>>
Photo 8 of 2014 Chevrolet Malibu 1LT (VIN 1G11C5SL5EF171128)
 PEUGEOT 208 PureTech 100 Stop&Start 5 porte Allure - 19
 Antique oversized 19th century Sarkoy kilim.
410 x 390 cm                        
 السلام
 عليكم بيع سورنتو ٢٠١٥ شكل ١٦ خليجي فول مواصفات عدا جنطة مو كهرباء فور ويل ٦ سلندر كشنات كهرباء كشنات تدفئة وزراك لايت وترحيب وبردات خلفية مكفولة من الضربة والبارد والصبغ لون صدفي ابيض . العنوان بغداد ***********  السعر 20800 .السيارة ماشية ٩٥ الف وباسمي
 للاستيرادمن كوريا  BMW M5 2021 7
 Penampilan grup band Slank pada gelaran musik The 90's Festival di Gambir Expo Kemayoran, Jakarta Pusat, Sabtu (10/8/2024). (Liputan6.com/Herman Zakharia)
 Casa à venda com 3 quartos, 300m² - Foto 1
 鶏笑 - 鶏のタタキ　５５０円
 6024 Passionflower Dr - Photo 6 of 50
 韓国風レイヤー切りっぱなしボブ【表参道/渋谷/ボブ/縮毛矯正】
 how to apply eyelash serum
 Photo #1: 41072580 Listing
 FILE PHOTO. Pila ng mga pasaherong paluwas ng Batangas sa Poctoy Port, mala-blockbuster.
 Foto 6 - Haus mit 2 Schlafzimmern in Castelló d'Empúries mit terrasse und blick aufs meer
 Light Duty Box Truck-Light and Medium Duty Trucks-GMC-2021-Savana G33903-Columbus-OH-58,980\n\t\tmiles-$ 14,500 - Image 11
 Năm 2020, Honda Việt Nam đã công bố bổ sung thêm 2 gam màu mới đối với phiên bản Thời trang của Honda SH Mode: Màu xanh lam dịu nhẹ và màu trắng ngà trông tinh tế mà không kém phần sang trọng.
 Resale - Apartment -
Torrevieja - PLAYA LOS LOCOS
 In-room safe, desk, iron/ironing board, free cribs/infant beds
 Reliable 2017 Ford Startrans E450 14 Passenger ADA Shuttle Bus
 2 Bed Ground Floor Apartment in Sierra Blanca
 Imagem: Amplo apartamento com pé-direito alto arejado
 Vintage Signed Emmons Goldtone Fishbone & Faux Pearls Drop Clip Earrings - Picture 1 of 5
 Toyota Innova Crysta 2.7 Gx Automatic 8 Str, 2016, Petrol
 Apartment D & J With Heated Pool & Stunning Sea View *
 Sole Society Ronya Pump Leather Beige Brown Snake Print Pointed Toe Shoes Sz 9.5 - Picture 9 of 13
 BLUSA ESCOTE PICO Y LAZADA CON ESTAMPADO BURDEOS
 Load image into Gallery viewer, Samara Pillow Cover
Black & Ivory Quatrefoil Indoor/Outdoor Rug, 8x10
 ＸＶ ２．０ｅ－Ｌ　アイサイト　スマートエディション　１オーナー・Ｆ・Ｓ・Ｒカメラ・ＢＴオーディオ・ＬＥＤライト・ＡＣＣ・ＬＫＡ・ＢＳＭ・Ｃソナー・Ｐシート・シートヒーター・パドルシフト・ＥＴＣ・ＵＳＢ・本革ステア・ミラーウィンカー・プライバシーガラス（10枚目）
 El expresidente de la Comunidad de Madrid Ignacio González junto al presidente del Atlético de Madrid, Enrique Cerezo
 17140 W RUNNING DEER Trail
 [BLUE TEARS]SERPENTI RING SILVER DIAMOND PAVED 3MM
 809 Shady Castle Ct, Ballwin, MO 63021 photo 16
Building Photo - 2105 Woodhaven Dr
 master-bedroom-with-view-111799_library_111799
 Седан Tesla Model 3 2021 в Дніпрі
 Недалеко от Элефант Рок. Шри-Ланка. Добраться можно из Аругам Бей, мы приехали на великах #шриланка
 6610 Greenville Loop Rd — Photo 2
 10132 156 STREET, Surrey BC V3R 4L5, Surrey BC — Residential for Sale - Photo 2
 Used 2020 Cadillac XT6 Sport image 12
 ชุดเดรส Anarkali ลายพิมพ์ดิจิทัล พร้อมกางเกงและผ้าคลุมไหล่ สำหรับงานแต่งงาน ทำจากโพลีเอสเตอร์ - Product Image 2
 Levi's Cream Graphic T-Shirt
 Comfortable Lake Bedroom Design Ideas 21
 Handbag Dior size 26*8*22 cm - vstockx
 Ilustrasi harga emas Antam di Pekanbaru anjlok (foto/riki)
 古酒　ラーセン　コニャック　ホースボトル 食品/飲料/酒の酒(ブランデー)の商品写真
<<
[ASSIGNMENT]: Restate word for word every line from the one containing "809 Shady Castle" through the final line of the listing. Both end lines belong in the answer.

[SOLVED PROBLEM]:
 809 Shady Castle Ct, Ballwin, MO 63021 photo 16
Building Photo - 2105 Woodhaven Dr
 master-bedroom-with-view-111799_library_111799
 Седан Tesla Model 3 2021 в Дніпрі
 Недалеко от Элефант Рок. Шри-Ланка. Добраться можно из Аругам Бей, мы приехали на великах #шриланка
 6610 Greenville Loop Rd — Photo 2
 10132 156 STREET, Surrey BC V3R 4L5, Surrey BC — Residential for Sale - Photo 2
 Used 2020 Cadillac XT6 Sport image 12
 ชุดเดรส Anarkali ลายพิมพ์ดิจิทัล พร้อมกางเกงและผ้าคลุมไหล่ สำหรับงานแต่งงาน ทำจากโพลีเอสเตอร์ - Product Image 2
 Levi's Cream Graphic T-Shirt
 Comfortable Lake Bedroom Design Ideas 21
 Handbag Dior size 26*8*22 cm - vstockx
 Ilustrasi harga emas Antam di Pekanbaru anjlok (foto/riki)
 古酒　ラーセン　コニャック　ホースボトル 食品/飲料/酒の酒(ブランデー)の商品写真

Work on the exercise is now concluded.